For the ag investor, of course, the real question is how this actually hits supply and demand, and thus prices, should all of this get finalized in the 2010 budget.
If direct payments are truly "non-distorting to price or production," then the elimination of the payments should have no impact on commodity prices. Of course, if the programs actually have zero impact on price or production, it bears the question: What they heck good are they doing anyway?
Regardless, if in the long run farmers are unable to get credit for the purchases they need, then inevitably some level of production will suffer, either through smaller harvests of starved crops or due to lower crop plantings. Of course, if that happens, commodity prices will rise and farmers will once again have incentive to plant larger crops.
It comes down to just how pointless you think the subsidies were in the first place. Totally pointless? No impact. Actually relevant? This makes prices go up, long term.

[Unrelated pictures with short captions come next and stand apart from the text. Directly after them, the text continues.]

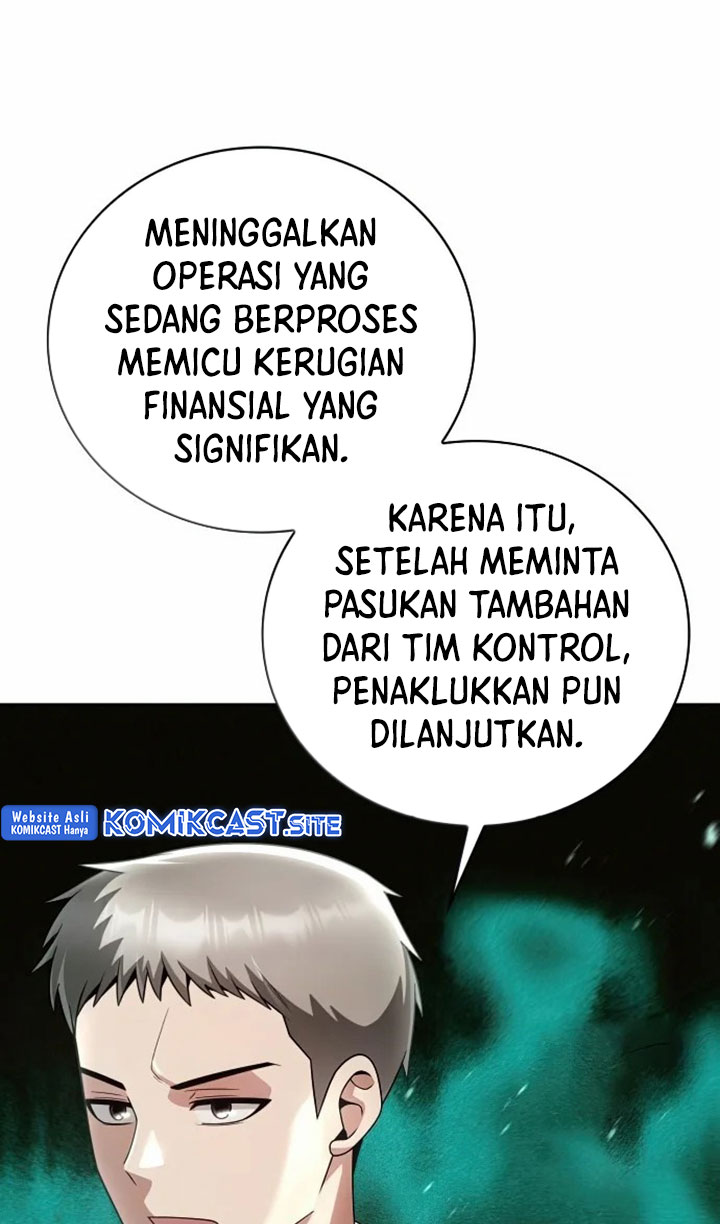 Clever Cleaning Life Of The Returned Genius Hunter Chapter 28 - halaman 65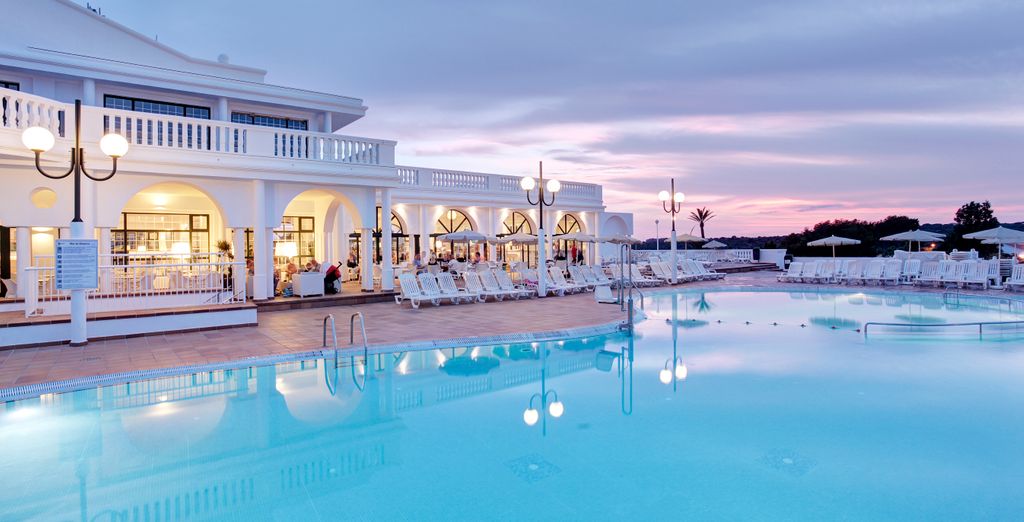 Grupotel Mar de Menorca 4*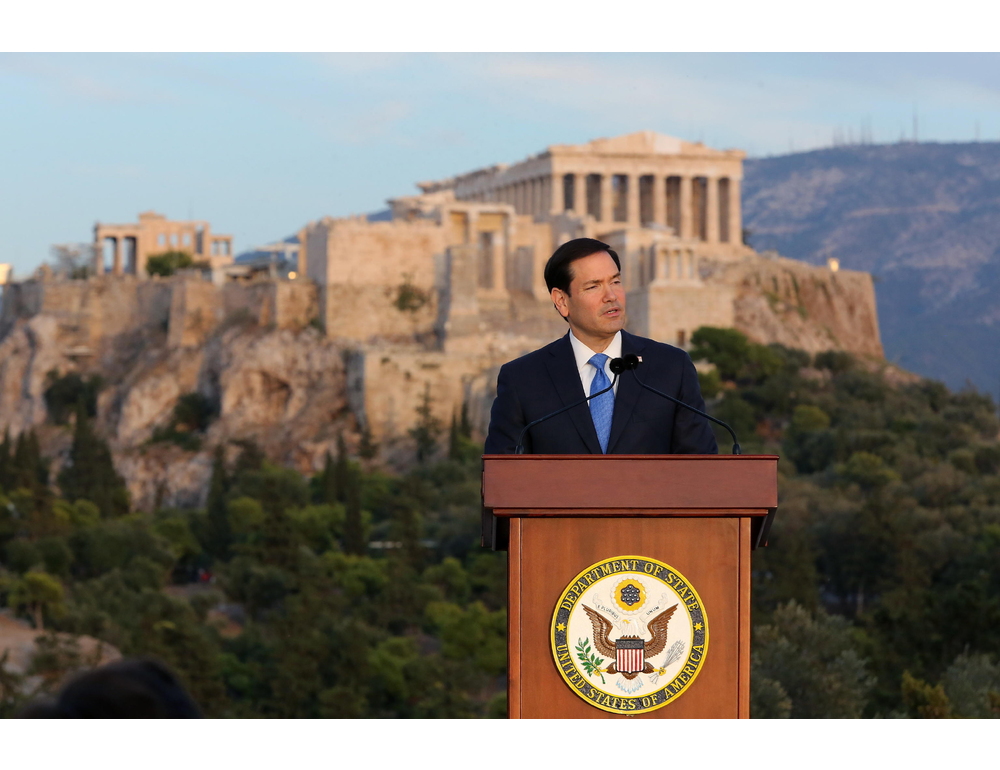 Rubio, ‘Occidente a un bivio, Europa si può svegliare dal suo lungo letargo’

Net-net: Possibly bad for farmers and consumers; good for commodity investors.
Cotton - A Special Case?
As a nonperishable commodity, cotton is a little different from other ags. Like oil, it can be stashed away for a rainy day. Right now, farmers have the ability to store it in a government-approved facility and borrow money against it. Until now, the government has been footing the bill for this storage by giving farmers "cotton storage credits." The budget proposes to eliminate these credits. If approved, it will suddenly be less profitable to stash a year's cotton crop. The implication is that more cotton could come to the market seasonally (with theoretically less supply off-harvest). This means volatility.
Right now, cotton doesn't trade with any real seasonality. Of course, if cotton prices are already low, farmers may bite the bullet and continue to store their product, borrowing money until it makes financial sense to sell the crop. While the cotton industry may not support this move, it may serve to make the cotton market more transparent, and ultimately, transparency is always good for investors.